Item 1(a). Name of Issuer:
           Vivus, Inc.

Item 1(b). Address of Issuer's Principal Executive Offices:
	   1172 Castro Street
	   Mountain View, CA  94040

Item 2(a). Name of Person Filing:
(i)   Caxton International Limited ("Caxton International")
(ii)  Caxton Advantage Life Sciences Fund, L.P. ("Caxton Advantage")
(iii) Caxton Advantage Venture Partners, L.P. ("Caxton Advantage
      Venture")  Caxton Advantage Venture is the General Partner
      of Caxton Advantage.  As a result of the foregoing, Caxton
      Advantage Venture may be deemed to have voting and dispositive
      power with respect to the securities of the Issuer owned by
      Caxton Advantage.
(iv)  Advantage Life Sciences Partners, LLC ("Advantage Partners")
      Advantage Partners is a General Partner of Caxton Advantage
      Venture.  As a result of the foregoing, Advantage Partners may be
      deemed to have voting and dispositive power with respect to the
      securities of the Issuer owned by Caxton Advantage.
(v)   CHHA LLC ("CHHA")  CHHA is a General Partner of Caxton Advantage
      Venture.  As a result of the foregoing, CHHA may be deemed to have
      voting and dispositive power with respect to the securities of the
      issuer owned by Caxton Advantage.
(vi)  Mr. Eric W. Roberts.  Mr. Roberts is a Principal of Advantage
      Partners and therefore may be deemed to beneficially own the
      securities of the Issuer owned by Caxton Advantage.
(vii) Ms. Rachel Leheny.  Ms. Leheny is a Principal of Advantage
      Partners and therefore may be deemed to beneficially own the
      securities of the Issuer owned by Caxton Advantage.
(viii)Caxton Associates, L.L.C. ("Caxton Associates").  Caxton
      Associates is the trading advisor to Caxton International
      and as such, has voting and dispositive power with respect
      to its investments.  Caxton Associates may also be deemed
      to have beneficial ownership with respect to the investments of
      Caxton Advantage through its ownership of CHHA.
(ix)  Mr. Bruce S. Kovner.  Mr. Kovner is the Chairman of Caxton
      Associates and the sole shareholder of Caxton Corporation,
      the manager and majority owner of Caxton Associates. As a
      result of the foregoing, Mr. Kovner may be deemed
      beneficially to own the securities of the Issuer owned
      by Caxton International and Caxton Advantage.
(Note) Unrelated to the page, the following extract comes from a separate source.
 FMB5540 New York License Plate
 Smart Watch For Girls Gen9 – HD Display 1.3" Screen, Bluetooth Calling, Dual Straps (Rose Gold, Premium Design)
Item 2(b). Address or Principal Business Office or, If None, Residence:
(i)   The address of Caxton International is c/o Prime Management
      Limited, Mechanics Building, 12 Church Street, Hamilton HM11,
      Bermuda.
(ii)  The address of Caxton Advantage is 500 Park Avenue, New York,
      NY  10022.
(iii) The address of Caxton Advantage Venture is 500 Park Avenue,
      New York, NY  10022.
(iv)  The address of Advantage Partners is 500 Park Avenue, New York,
      NY  10022.
(v)   The address of CHHA is 500 Park Avenue, New York, NY  10022.
(vi)  The business address of Mr. Roberts is 500 Park Avenue,
      New York, NY  10022.
(vii) The business address of Ms. Leheny is 500 Park Avenue, New York,
      NY  10022.
(viii)The address of Caxton Associates is Princeton Plaza, Building 2,
      731 Alexander Road, Princeton, NJ 08540.
(ix)  The business address of Mr. Kovner is 500 Park Avenue,
      New York, NY  10022.

Item 2(c). Citizenship:
(i)   Caxton International is a British Virgin Islands corporation.
(ii)  Caxton Advantage is a Delaware limited partnership.
(iii) Caxton Advantage Venture is a Delaware limited partnership.
(iv)  Advantage Partners is a Delaware limited liability company.
(v)   CHHA is a Delaware limited liability company.
(vi)  Mr. Roberts is a United States citizen.
(vii) Ms. Leheny is a United States citizen.
(viii)Caxton Associates is a Delaware limited liability company.
(ix)  Mr. Kovner is a United States citizen.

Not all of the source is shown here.